> INSTRUCTIONS FOR THE TASK
Repeat, exactly and in full, the lines of the listing below, but without any pictures.
··· DATA EXTRACTS ···
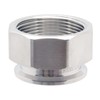 QiiMii SS304 Tri Clamp Female Adapter Mini Tri Clamp 1.5”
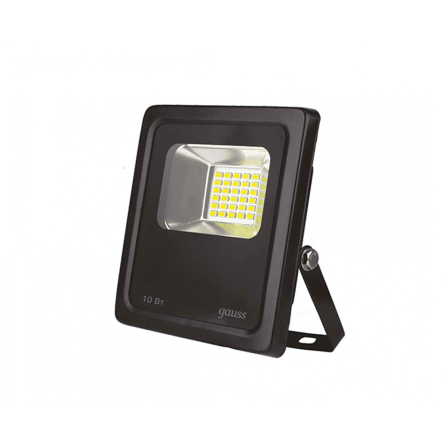 Прожектор світлодіодний Gauss 10W, IP65, 6500К, 670Lm, чорний - 1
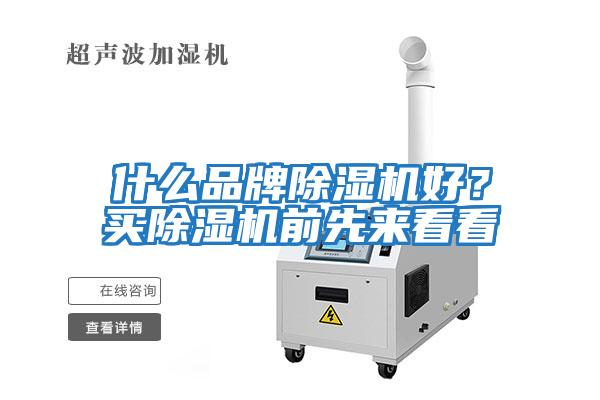 什么品牌除濕機好？買(mǎi)除濕機前先來(lái)看看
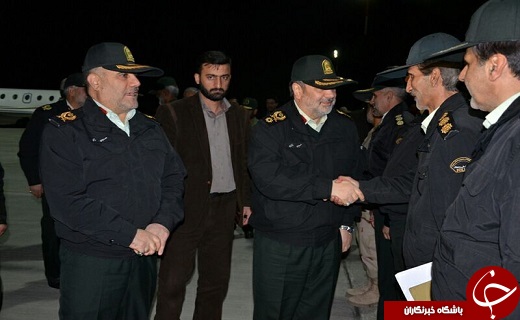 فرمانده نیروی انتظامی وارد زاهدان شد + تصاویر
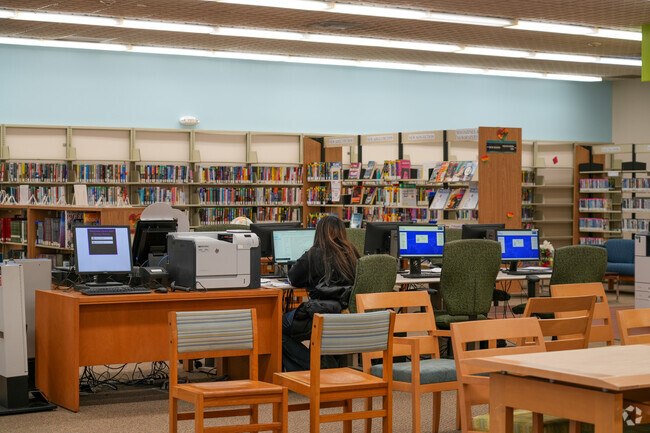 The Riverdale Public Library has access to high speed internet and is a great place to work.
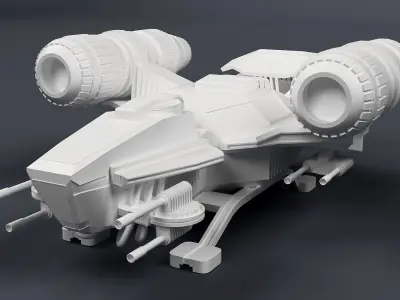 Spaceship combat 3D model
···
> FINISHED TASK
 QiiMii SS304 Tri Clamp Female Adapter Mini Tri Clamp 1.5”
 Прожектор світлодіодний Gauss 10W, IP65, 6500К, 670Lm, чорний - 1
 什么品牌除濕機好？買(mǎi)除濕機前先來(lái)看看
 فرمانده نیروی انتظامی وارد زاهدان شد + تصاویر
 The Riverdale Public Library has access to high speed internet and is a great place to work.
 Spaceship combat 3D model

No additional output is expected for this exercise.